Monday, Jan. 18, 1943

After Such Pleasures

The great American era of the automobile came to a virtual end in 17 States along the Atlantic seaboard last week. Without any warning, the Office of Price Administration banned all pleasure and nonessential driving. At the same time, OPA cut the value of fuel oil coupons for home use by 10% and the amount of fuel oil for nonresidential purposes by 25%. Taken together, these orders brought about the greatest civilian dislocations to date.

Almost overnight nearly all private automobiles disappeared from the streets and highways of the East. There was almost no place to go by car except to work; and many a home was cold for lack of oil. Outlying restaurants, dance halls, horse-and dog-racing tracks folded up; suburban movie-theater owners wondered what they would do next. In Boston many a school closed for a day for lack of heat; in New York City all public schools will close for a week next month.

Necessity, Bungling? The reasons for this sudden action were as complicated as the rules for enforcing it. Partly it was the now well-known story of lack of tankers (which once brought in 95% of the East's oil and gas); partly it was new military demands in North Africa; and partly it was fumbling and lack of foresight in OPA, which should have established more drastic controls earlier in the winter. Best explanation why the action was taken now was that the East's oil and gas reserves (the amount is a military secret) were running dangerously low. OPA hoped to avert a serious crisis in the event of a future cold spell or more pressing military needs.
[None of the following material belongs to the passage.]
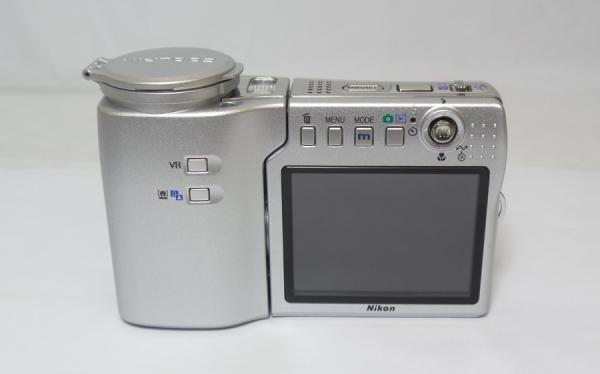 Nikon Coolpix S10 6MP Digital Camera 10x Zoom - Vibration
In Stride. The orders cut to the very heart of daily life; but,by & large the people took them in stride (although no one laughed when 21 oil and gas cars were derailed near Springfield, Ill.). No one looked for complete enforcement of the pleasure-driving ban. After the first day there were surprisingly few violators, but OPA investigators who swarmed over the streets and highways got elaborate excuses. Some direct results of the order:

> Question (asked at Manhattan's OPA office): "May I drive my car to shop around secondhand dealers so I may sell it?" Answer: "No." Question: "May an Italian in a Jewish neighborhood drive to an Italian store a mile away once a week to buy Italian food?" "Yes."
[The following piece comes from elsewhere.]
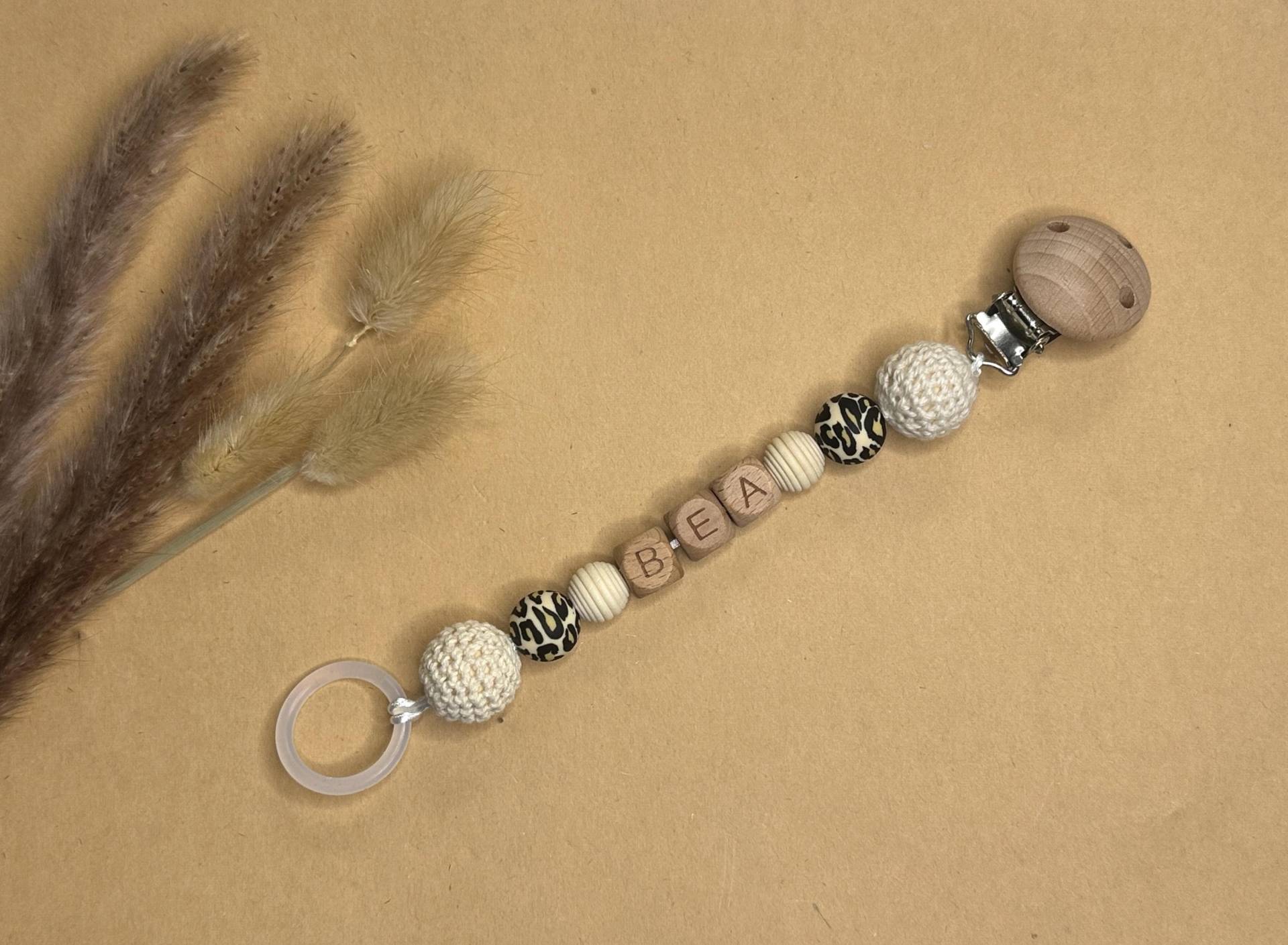 Personalisierte Schnullerkette Mit Leopardenperlen von Etsy - ReginaBabyetsy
> Rhode Island's Governor J. Howard McGrath walked a mile over icy sidewalks to an ice-skating exhibition. He took along his chauffeur to hold his arm.
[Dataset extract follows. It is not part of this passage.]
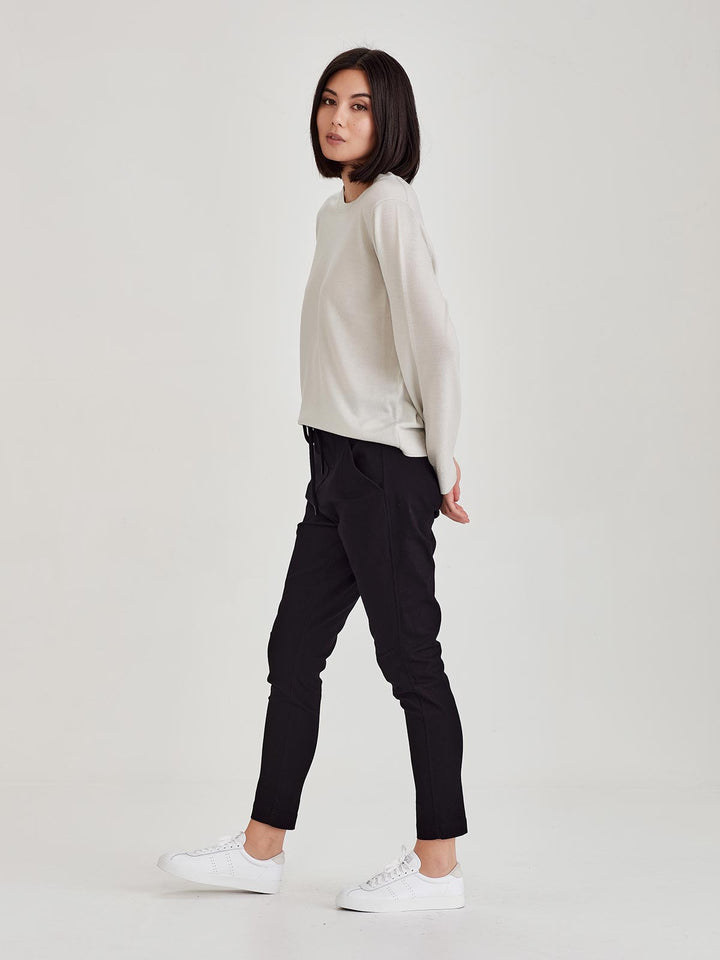 Emily Jogger (Black)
> North Carolina's OPAdministrator Theodore S. Johnson gave permission for the use of private cars for this week's address by Wendell Willkie at Duke University. Said he: "... an important public meeting . . . related to the war effort."

> On the first night of the ban, Eleanor Roosevelt drove three blocks in a White House car to hear Negro Contralto Marian Anderson at the D.A.R.'s Constitution Hall. Three days later, unable to wait any longer in the Union Station for Daughter Anna Boettiger and Son-in-Law John (whose train was late) she walked the mile and a half back to the White House with a soldier she had met in the USO lounge.

> On the first night after the ban, Richmond (Va.) primped for a presentation of Die Fledermaus by the Philadelphia Opera Company. That afternoon an irate operagoer called the Times-Dispatch, inquired: "Do you mean to tell me that the best element in Richmond is going to be subjected to this rule?" Cracked City Safety Director W. C. Herbert: "We think the 'best element' is in uniform."